§ **Problem details**:
Starting with the line that contains "Jewish cabbalist holding", repeat exactly every line through the last one in the records below, and leave out the pictures.

[Task material Boundary: Start]

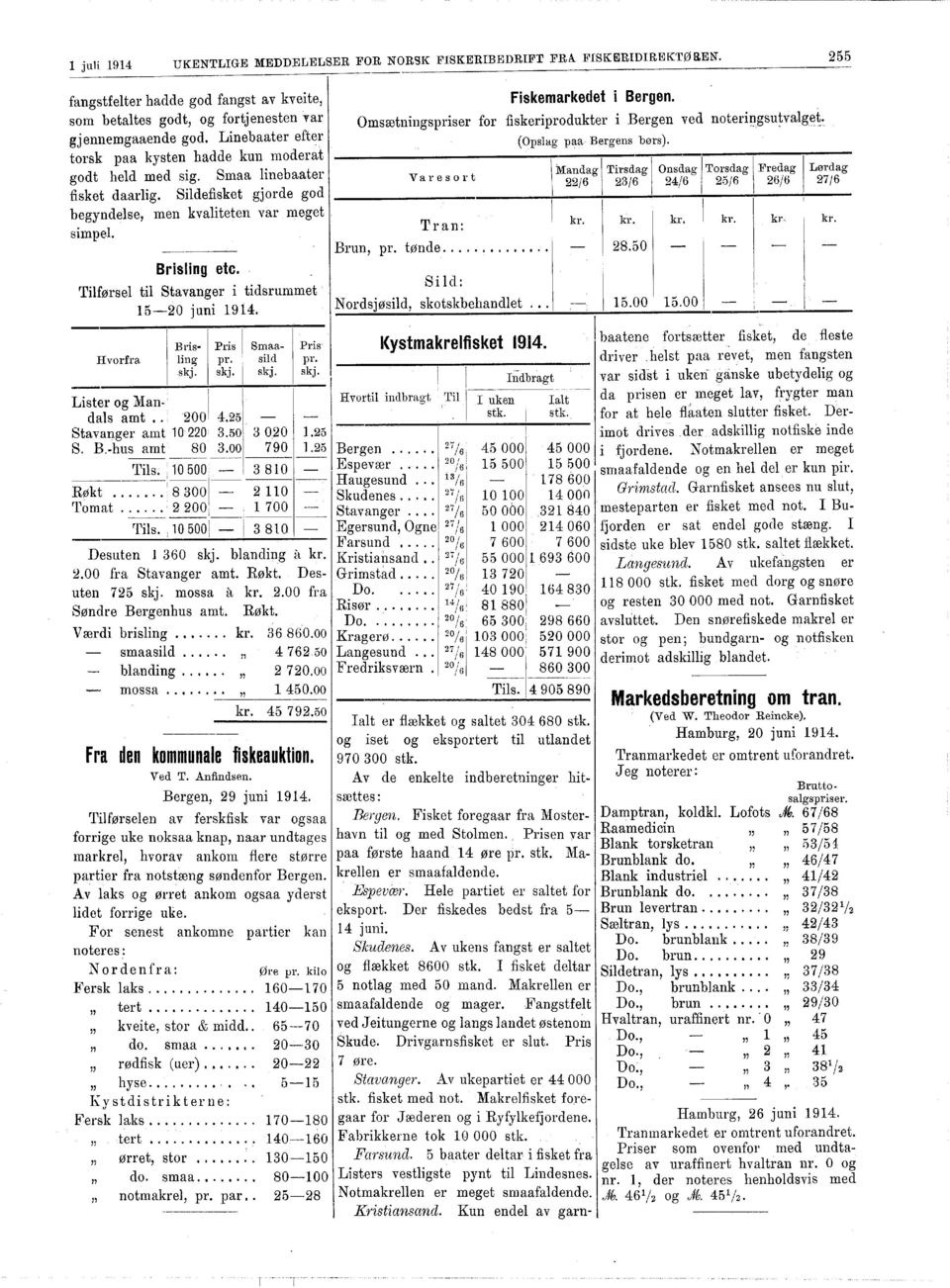 Tlførsel tl Stavanger tdsrummet 520 jun 94. Fskemarkedet Bergen. msætnngsprser for fskerprodukter Bergen ved noter!?gsuvalg(3t. Varesort Tran: Brun, pr. tønde.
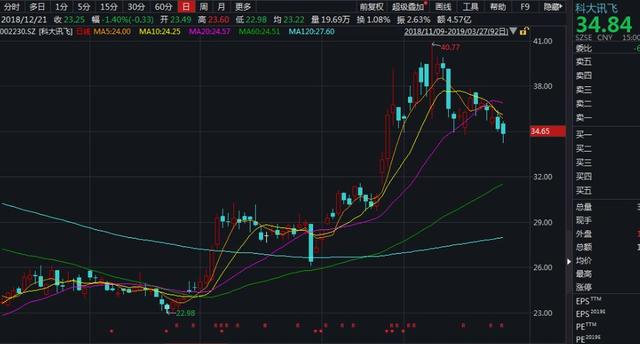 私募大佬葛卫东最新持股动向揭秘，深度解析其投资策略与动向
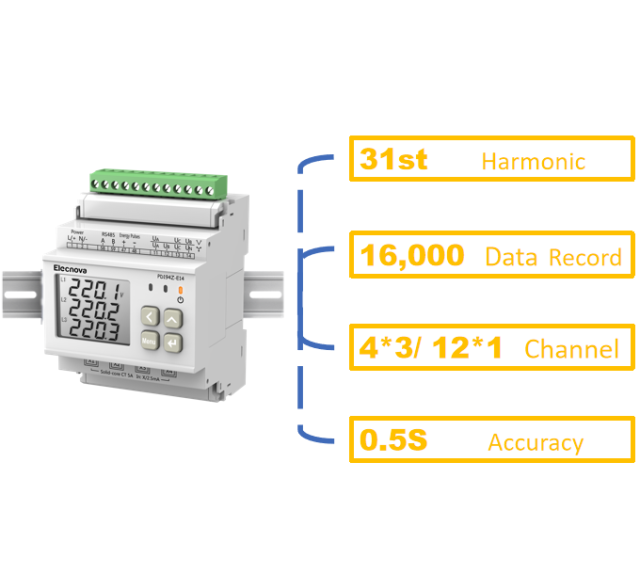 Multi Circuit Power Monitoring Analyzer 12 Single Phase 4 Three Phase RJ45 TCP/IP Digital Energy Meter for Industrial Power Quality Elecnova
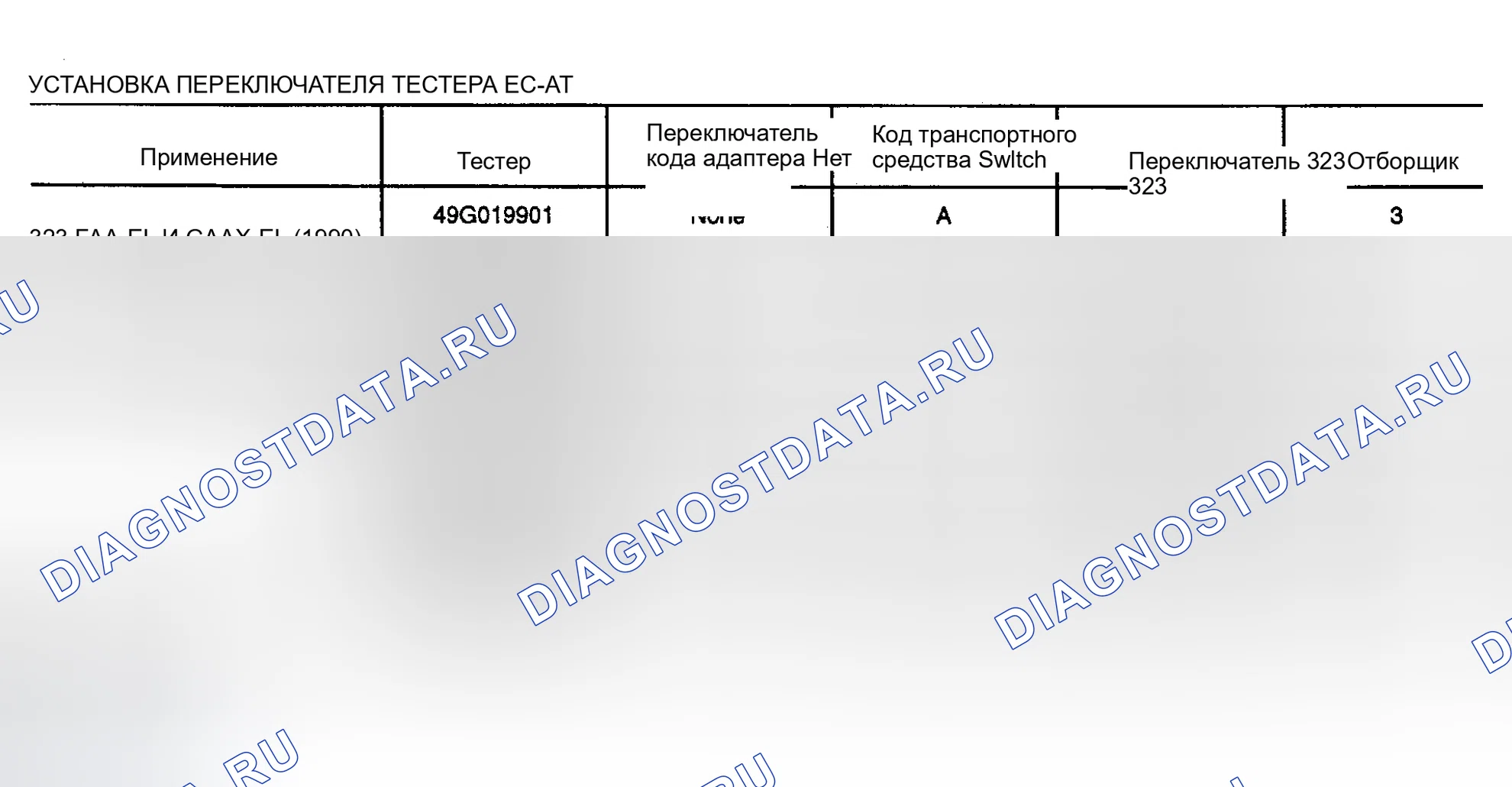 Рис. 74: НАСТРОЙКА ПЕРЕКЛЮЧАТЕЛЯ ТЕСТЕРА EC-AT. Mazda 626 GD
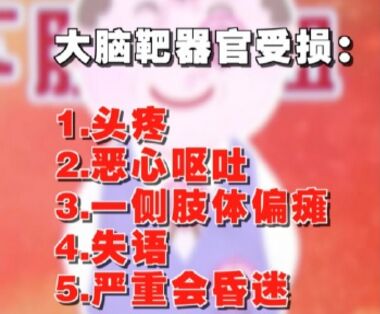 20190403养生堂视频和笔记:徐玢,杜万良《识别中风的“加速度”》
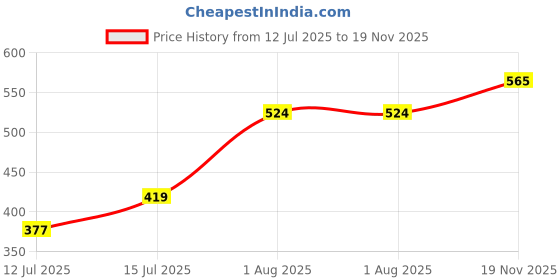 flipkart.com hot wheels C4982 HAKO TYPE D 4/5 HW J IMPORTS 98/250 DIE CAST TOY CAR MAINLINE J CASE hot wheels Price History Graph from 12 Jul 2025 to 19 Nov 2025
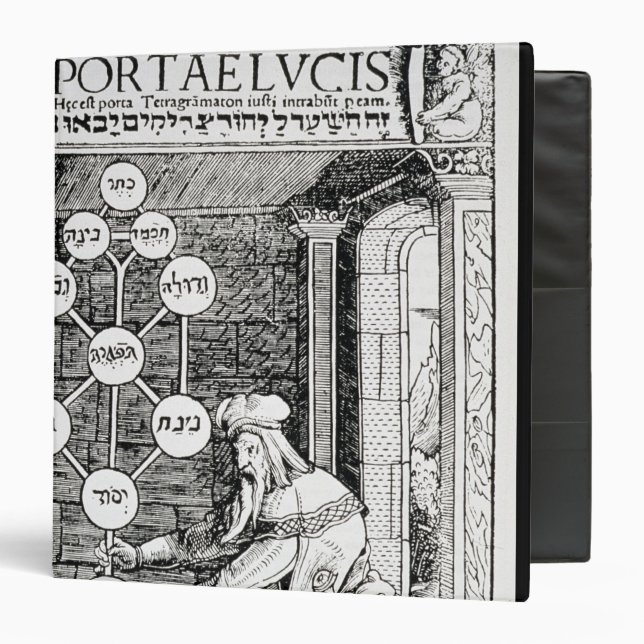 Jewish cabbalist holding a sephiroth 3 ring binder (Front/Inside)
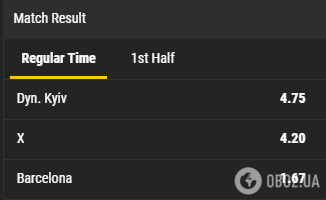 Котировки BWIN на матч "Динамо" - "Барселона"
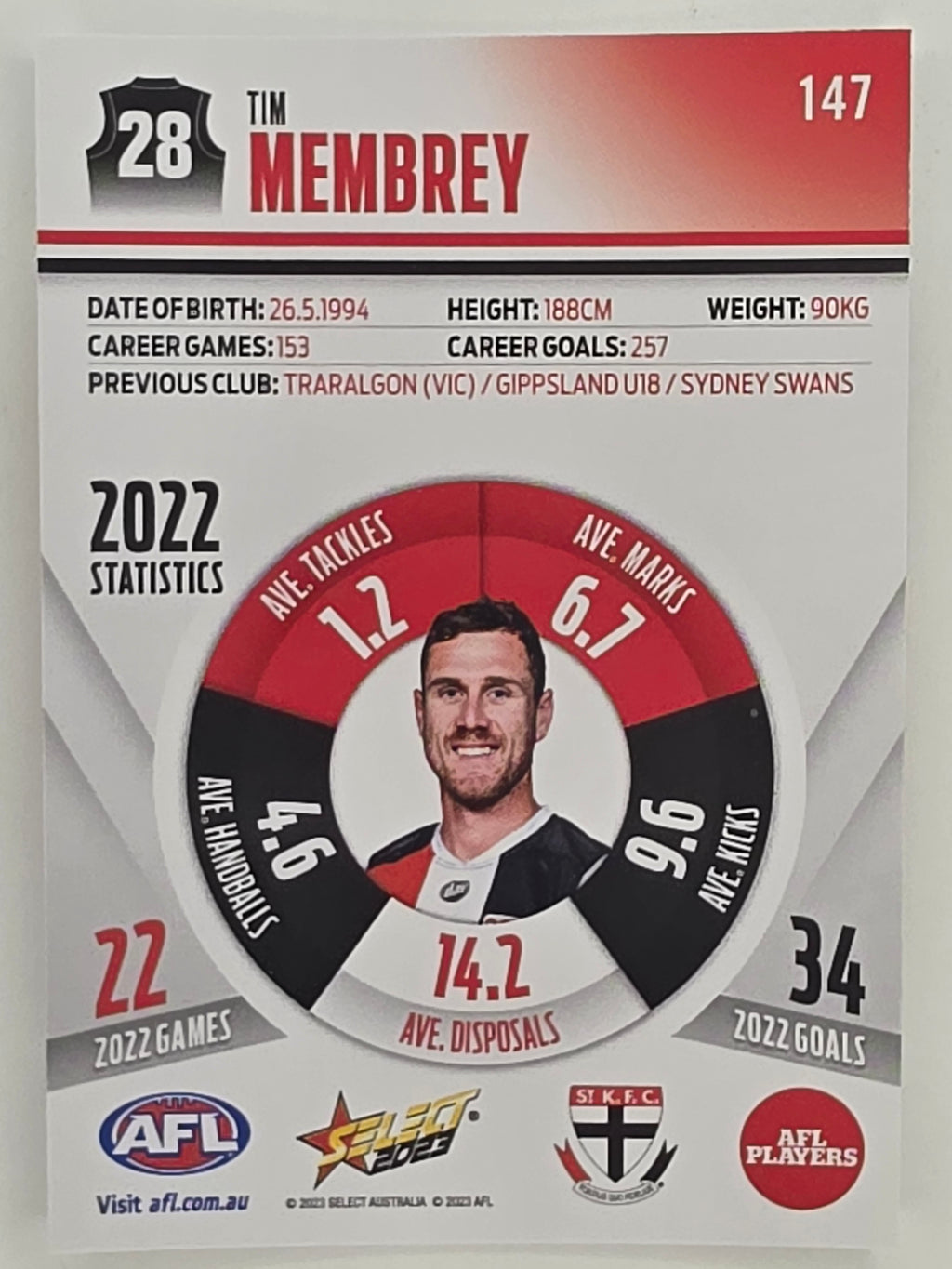 AFL 2023 Footy Stars Parallel Colour Spots #147 Tim Membrey St Kilda Saints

[Task material Boundary: End]

§ **Your response**:
 Jewish cabbalist holding a sephiroth 3 ring binder (Front/Inside)
 Котировки BWIN на матч "Динамо" - "Барселона"
 AFL 2023 Footy Stars Parallel Colour Spots #147 Tim Membrey St Kilda Saints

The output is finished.